SPIDER-WOMAN #50 (1983): Series ends; Spider-Woman, Morgan Le Fay die

This issue has everything!  A photo cover (for more on the photo cover, go here) with special effects!  Double-sized!  Tons of guest stars from the entire character’s history!  Here’s how they did the cover:

It’s also the last issue.

And guess what?  She dies!

We get introduced to a guy called “Locksmith” and his partner, a seer named Tick Tock.

They capture Spider-Woman while she is showering.

Of course. Cheesecake is a grand tradition for this series.

They’ve also got several of her friends and enemies (even Daddy Longlegs!), and they all must cum-bay-ya to escape together and then, when they do…

It turns out SW’s oldest foe, Morgan Le Fay, was the real enemy.  The two literally fight to the death.

Morgan’s death is wicked.

And it ends with Jessica wandering off into space, astrally, with her soul saying goodbye to the reader.

Not the ending you’d expect from this mag, which generally played it safe and “normal,” but then this is a different creative team and writer Ann Nocenti is known for the offbeat and occult.  Frankly, if the book had been as radical and different as this issue all the way through, it would have been a much more memorable read.

1 thought on “SPIDER-WOMAN #50 (1983): Series ends; Spider-Woman, Morgan Le Fay die”
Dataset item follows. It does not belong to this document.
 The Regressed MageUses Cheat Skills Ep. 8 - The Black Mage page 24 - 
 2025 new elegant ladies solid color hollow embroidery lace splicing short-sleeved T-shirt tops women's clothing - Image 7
  1. It’s too bad this death didn’t “stick”- ( of course, how many of them actually do, anyway?? ) ‘Spider-Woman’ was a poorly-conceived concept from the get-go. I just don’t care for all these female ribs-taken-from-their-successful-male-counterparts characters, but at least as these characters go, Spider-Woman wasn’t as banal as the ( nerve-wracking ) She-Hulk. These lady-clones are just unnecessary, and counterintuitive to Marvel’s mission to get the world at large to take their products seriously. Just my take. ‘B-‘, indeed.